▸ **WHAT YOU WILL DO**
Pictures should be left out while the data beneath this task is written out word for word.

Brief descriptive captions:
┏━━
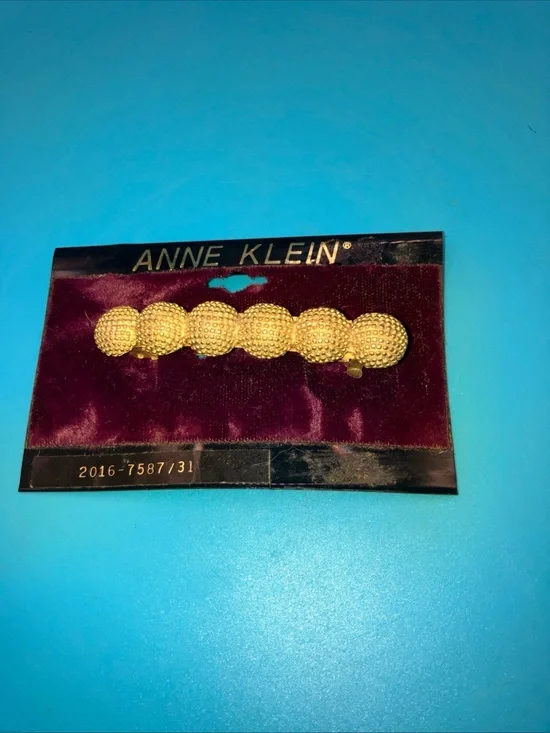 barrette anne klein new old stock Vintage gold tone 3 Inches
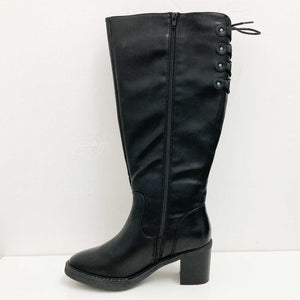 Cloudwalkers Black Faux Leather Tall Block Heel Boots UK 7
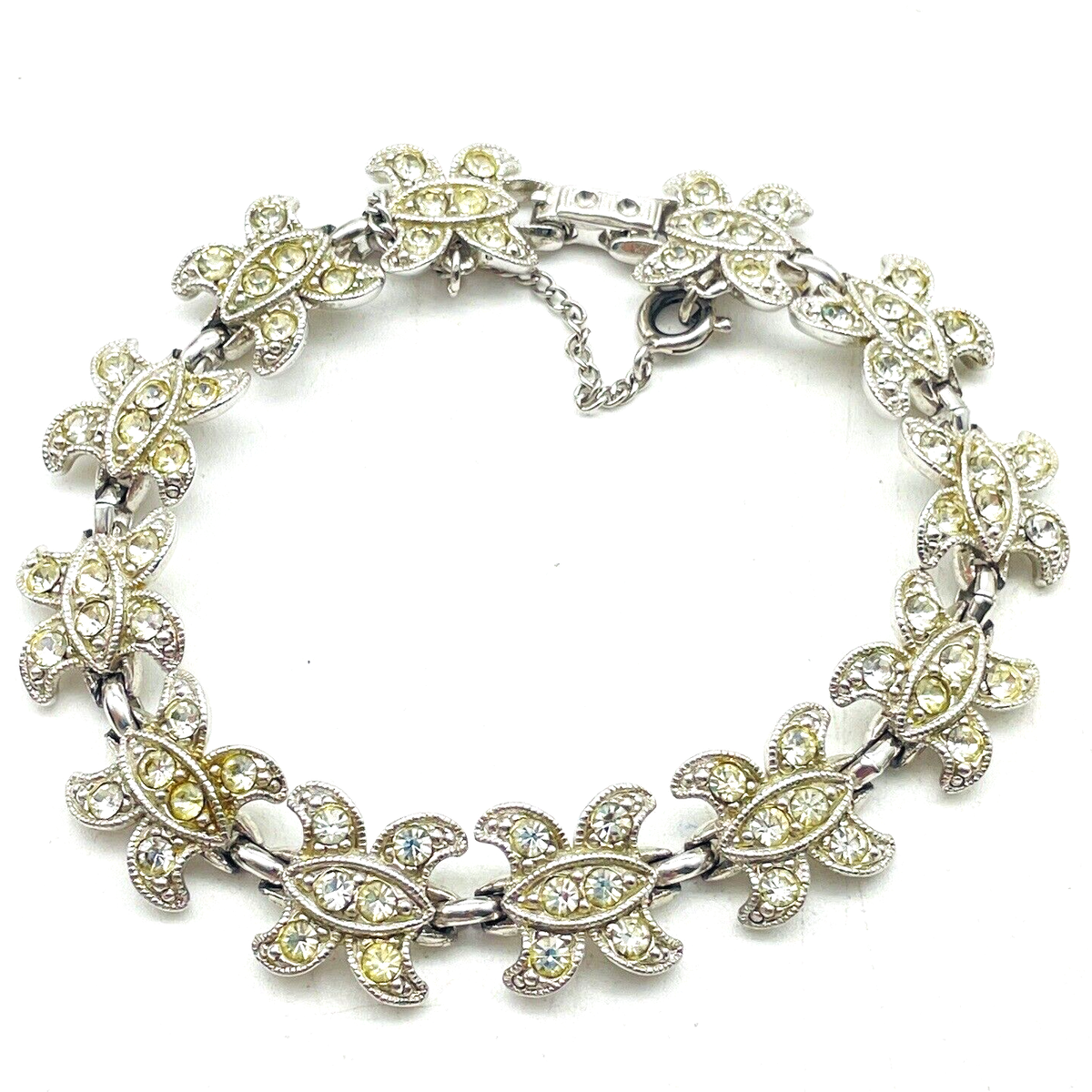 BOGOFF Vintage Rhinestone Bracelet Silver Tone Safety Chain BOGOFF Vintage Rhinestone Bracelet Silver Tone Safety Chain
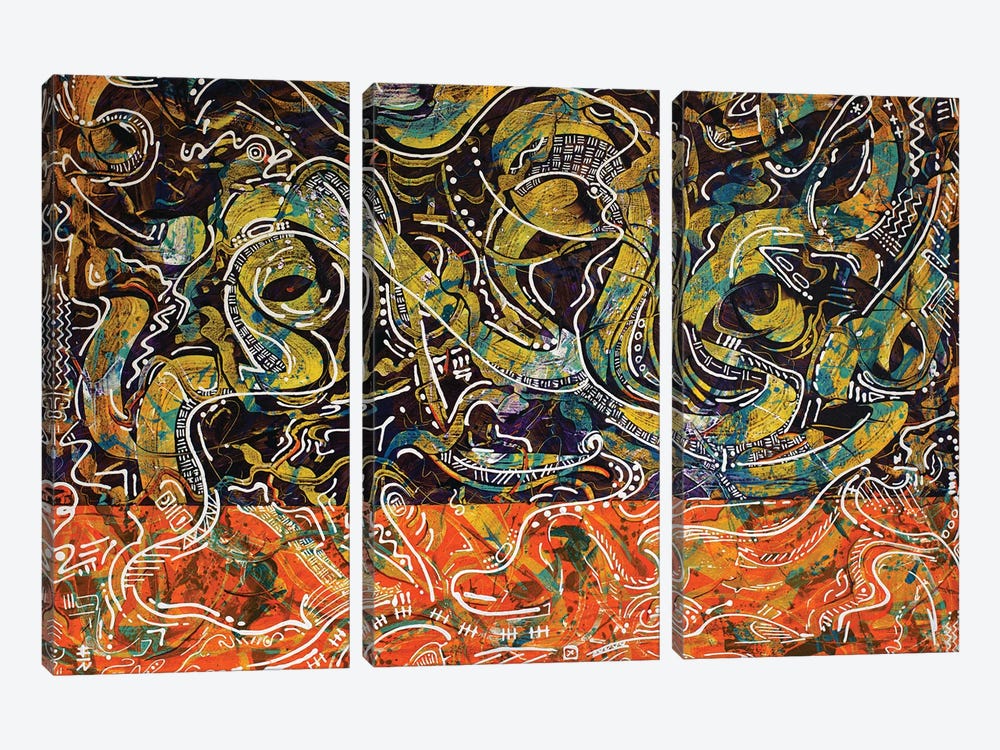 Purple Sparks by Vincent Keele 3-piece Canvas Print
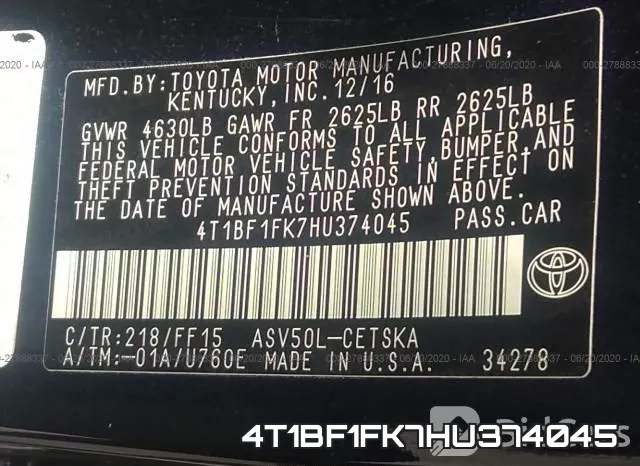 4T1BF1FK7HU374045 фото 10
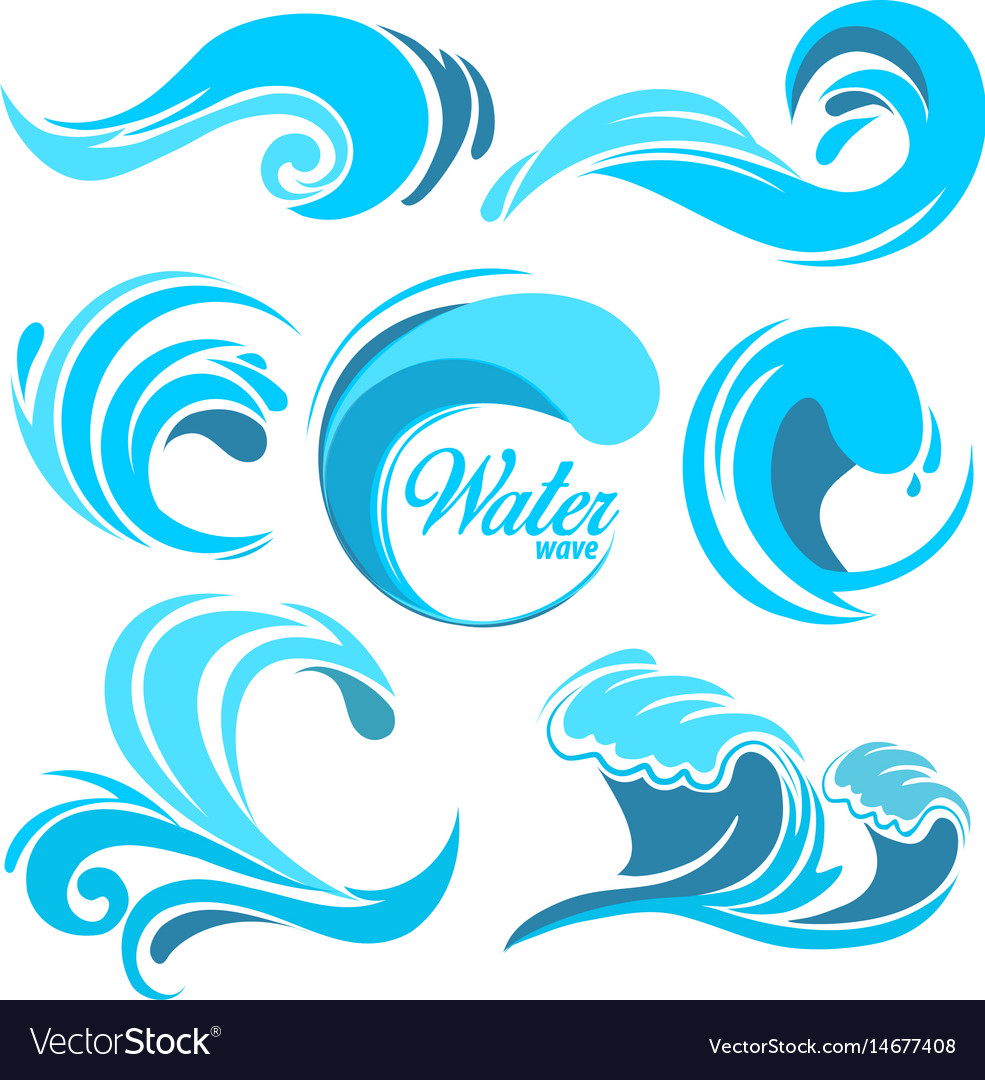 Download Water splashes and ocean waves graphic Royalty Free Vector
┗━━
▸ **RESPONSE**
 barrette anne klein new old stock Vintage gold tone 3 Inches
 Cloudwalkers Black Faux Leather Tall Block Heel Boots UK 7
 BOGOFF Vintage Rhinestone Bracelet Silver Tone Safety Chain BOGOFF Vintage Rhinestone Bracelet Silver Tone Safety Chain
 Purple Sparks by Vincent Keele 3-piece Canvas Print
 4T1BF1FK7HU374045 фото 10
 Download Water splashes and ocean waves graphic Royalty Free Vector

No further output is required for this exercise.